MANILA, Philippines – State-run Philippine Deposit Insurance Corp (PDIC) is inviting other banks, aside from Banco de Oro (BDO), that are interested to rehabilitate shuttered Export & Industry Bank (Exportbank) to submit their proposals “anytime.”
In a statement on Thursday, May 24, PDIC stressed it “continues to study all possibilities allowed by law” to protect Exportbank’s depositors and help the bank get back on its feet.
“Parties may manifest their interest to PDIC anytime,” the insurer said.
It is uncertain what this means to BDO’s pending proposal to take over Exportbank.
Exportbank was placed by the Monetary Board of the Bangko Sentral ng Pilipinas (BSP) under PDIC’s receivership on April 26 after the bank voluntarily surrendered its operations because it could no longer meet its obligations. Exportbank declared a bank holiday on April 27.
Days later, BDO, which had been in talks to acquire Exportbank before the latter collapsed, filed a proposal with the PDIC to acquire, and most importantly, rehabilitate the bank. BDO said it was “prepared to move in immediately.”
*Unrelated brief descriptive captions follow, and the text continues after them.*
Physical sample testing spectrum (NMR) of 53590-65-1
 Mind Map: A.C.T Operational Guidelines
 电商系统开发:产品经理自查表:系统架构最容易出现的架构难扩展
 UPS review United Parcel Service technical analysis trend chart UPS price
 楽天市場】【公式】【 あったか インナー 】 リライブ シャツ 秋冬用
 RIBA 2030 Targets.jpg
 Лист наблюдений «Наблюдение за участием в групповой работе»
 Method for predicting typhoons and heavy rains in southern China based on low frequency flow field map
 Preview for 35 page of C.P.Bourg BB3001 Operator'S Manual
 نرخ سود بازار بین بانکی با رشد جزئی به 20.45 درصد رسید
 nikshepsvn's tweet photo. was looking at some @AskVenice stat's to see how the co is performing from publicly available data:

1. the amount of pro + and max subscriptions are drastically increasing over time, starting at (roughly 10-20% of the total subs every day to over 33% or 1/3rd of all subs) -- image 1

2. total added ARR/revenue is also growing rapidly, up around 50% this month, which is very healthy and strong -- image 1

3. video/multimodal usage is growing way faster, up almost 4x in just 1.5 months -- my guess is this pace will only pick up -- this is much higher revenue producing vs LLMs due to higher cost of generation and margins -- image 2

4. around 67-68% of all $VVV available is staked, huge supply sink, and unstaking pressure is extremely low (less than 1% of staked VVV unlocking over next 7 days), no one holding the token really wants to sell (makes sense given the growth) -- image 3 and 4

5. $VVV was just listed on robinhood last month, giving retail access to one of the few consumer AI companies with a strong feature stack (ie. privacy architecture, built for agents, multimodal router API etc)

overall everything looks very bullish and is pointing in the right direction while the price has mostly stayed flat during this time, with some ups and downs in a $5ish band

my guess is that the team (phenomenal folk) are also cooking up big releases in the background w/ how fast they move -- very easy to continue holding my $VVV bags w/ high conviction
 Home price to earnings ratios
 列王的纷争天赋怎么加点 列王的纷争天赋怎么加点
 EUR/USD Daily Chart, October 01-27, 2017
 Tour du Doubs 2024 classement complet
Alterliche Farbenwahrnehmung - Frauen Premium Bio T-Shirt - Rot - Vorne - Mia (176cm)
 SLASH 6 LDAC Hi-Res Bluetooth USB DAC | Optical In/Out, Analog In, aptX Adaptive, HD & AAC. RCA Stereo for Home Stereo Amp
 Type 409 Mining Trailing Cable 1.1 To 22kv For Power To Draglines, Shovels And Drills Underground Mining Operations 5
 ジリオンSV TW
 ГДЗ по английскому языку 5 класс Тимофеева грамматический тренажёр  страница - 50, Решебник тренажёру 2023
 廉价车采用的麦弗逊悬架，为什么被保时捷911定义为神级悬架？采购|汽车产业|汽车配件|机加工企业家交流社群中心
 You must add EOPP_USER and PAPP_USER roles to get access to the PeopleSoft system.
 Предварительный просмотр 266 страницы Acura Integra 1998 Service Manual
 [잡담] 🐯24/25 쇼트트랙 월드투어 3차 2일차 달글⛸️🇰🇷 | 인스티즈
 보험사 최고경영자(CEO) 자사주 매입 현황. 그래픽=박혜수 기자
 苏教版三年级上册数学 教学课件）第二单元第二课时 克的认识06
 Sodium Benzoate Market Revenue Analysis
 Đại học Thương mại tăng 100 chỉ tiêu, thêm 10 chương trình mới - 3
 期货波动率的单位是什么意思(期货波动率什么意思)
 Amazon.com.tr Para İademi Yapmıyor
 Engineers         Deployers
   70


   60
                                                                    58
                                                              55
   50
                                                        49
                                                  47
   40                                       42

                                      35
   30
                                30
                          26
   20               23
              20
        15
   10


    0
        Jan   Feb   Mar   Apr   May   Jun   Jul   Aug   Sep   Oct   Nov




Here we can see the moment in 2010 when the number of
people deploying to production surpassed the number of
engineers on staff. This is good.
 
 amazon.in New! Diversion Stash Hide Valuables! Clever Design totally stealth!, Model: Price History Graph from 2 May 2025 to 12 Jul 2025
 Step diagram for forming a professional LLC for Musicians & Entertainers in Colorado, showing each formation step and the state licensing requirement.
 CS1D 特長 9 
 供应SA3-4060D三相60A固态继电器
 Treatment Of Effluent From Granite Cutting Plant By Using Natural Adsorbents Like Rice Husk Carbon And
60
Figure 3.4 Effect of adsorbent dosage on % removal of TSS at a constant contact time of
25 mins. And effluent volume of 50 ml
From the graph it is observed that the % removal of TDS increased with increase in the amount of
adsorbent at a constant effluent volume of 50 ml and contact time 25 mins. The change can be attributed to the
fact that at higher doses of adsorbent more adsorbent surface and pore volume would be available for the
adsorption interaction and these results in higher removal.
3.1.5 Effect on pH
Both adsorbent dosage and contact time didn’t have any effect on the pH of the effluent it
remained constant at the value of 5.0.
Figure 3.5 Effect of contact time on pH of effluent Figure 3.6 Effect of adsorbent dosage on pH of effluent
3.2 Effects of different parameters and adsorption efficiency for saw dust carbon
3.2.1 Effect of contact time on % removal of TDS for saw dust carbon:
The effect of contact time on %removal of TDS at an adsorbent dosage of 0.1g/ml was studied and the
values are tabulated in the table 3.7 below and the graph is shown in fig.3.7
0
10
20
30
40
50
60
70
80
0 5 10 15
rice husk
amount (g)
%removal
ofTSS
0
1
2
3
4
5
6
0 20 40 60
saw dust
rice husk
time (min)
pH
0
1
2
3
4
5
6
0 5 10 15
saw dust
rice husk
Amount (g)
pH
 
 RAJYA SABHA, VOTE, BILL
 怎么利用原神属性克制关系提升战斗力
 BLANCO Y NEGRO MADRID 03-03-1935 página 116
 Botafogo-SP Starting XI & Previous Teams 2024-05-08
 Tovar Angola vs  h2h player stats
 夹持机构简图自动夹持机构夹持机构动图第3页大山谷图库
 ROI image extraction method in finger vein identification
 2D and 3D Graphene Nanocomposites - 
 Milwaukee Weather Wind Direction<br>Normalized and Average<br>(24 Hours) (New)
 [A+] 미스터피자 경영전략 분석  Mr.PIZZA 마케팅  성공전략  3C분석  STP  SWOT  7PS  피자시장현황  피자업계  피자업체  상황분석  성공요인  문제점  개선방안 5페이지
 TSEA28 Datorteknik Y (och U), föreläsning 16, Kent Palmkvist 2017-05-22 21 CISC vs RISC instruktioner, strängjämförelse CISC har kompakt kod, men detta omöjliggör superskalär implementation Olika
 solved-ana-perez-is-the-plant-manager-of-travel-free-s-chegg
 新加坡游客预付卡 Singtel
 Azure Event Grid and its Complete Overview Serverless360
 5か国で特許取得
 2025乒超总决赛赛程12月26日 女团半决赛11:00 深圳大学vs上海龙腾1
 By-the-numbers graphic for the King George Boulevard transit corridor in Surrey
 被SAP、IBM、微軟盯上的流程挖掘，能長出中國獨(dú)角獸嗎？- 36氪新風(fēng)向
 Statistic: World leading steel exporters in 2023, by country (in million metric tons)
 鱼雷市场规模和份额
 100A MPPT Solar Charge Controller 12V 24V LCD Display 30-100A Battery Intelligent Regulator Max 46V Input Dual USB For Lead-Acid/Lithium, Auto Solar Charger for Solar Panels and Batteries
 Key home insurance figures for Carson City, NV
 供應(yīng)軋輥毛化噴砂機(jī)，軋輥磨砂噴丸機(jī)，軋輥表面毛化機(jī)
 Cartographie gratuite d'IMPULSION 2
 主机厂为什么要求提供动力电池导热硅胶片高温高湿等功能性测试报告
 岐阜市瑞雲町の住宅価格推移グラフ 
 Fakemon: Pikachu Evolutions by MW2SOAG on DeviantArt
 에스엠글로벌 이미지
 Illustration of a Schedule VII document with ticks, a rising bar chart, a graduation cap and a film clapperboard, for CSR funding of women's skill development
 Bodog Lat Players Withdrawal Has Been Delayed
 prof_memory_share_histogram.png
PDIC said it was reviewing the proposal, but noted there were conditions set by BDO that were beyond PDIC’s authority.
BDO, the country’s largest lender owned by mall magnate Henry Sy, was in talks to acquire Exportbank as early as 2009. The BSP and PDIC gave their thumbs up to the deal in 2010. The PDIC approved the deal under revised terms for the second time in 2011. An integration process of the two banks’ operations started, but the deal was never sealed.
In its statement, PDIC said, “all documentations relative to the revised terms were ready for execution. However, the investor required as a closing condition the final resolution of a substantial contingent liability arising from a suit filed by a third party. The transaction could not proceed pending the fulfillment of this closing condition.”
In a press briefing following Exportbank’s closure, BSP Deputy Governor Espenilla said the deal with BDO caved in because the bank didn’t want to get entangled in legal issues involving Exportbank. The troubled bank is facing a suit from a certain group filed early this 2012.
Exportbank was a commercial bank, with over 50 branches and 40 automated teller machines catering to 50,000 depositors nationwide when it closed down.
Its balance sheet as of September 2011 showed it had total deposits of P17.17 billion and a non-performing loan ratio of 21.88%, higher than industry average. Its total liabilities amounted to P27.02 billion, barely covering its total assets of P27.69 billion.
PDIC said it is undertaking a financial audit of Exportbank through an independent auditor to determine its valuation and define the requirements for its rehabilitation.
“With any closed bank, a rehabilitation proposal should address the requirements for capital strengthening, liquidity, sustainability, viability and governance,” the insurer said.
It added the terms of reference for qualification of parties interested to rehabilitate the bank will be announced as soon as information on the status of the bank’s assets and liabilities have been validated.
In the meantime, PDIC is processing the payment of claims of the bank’s depositors.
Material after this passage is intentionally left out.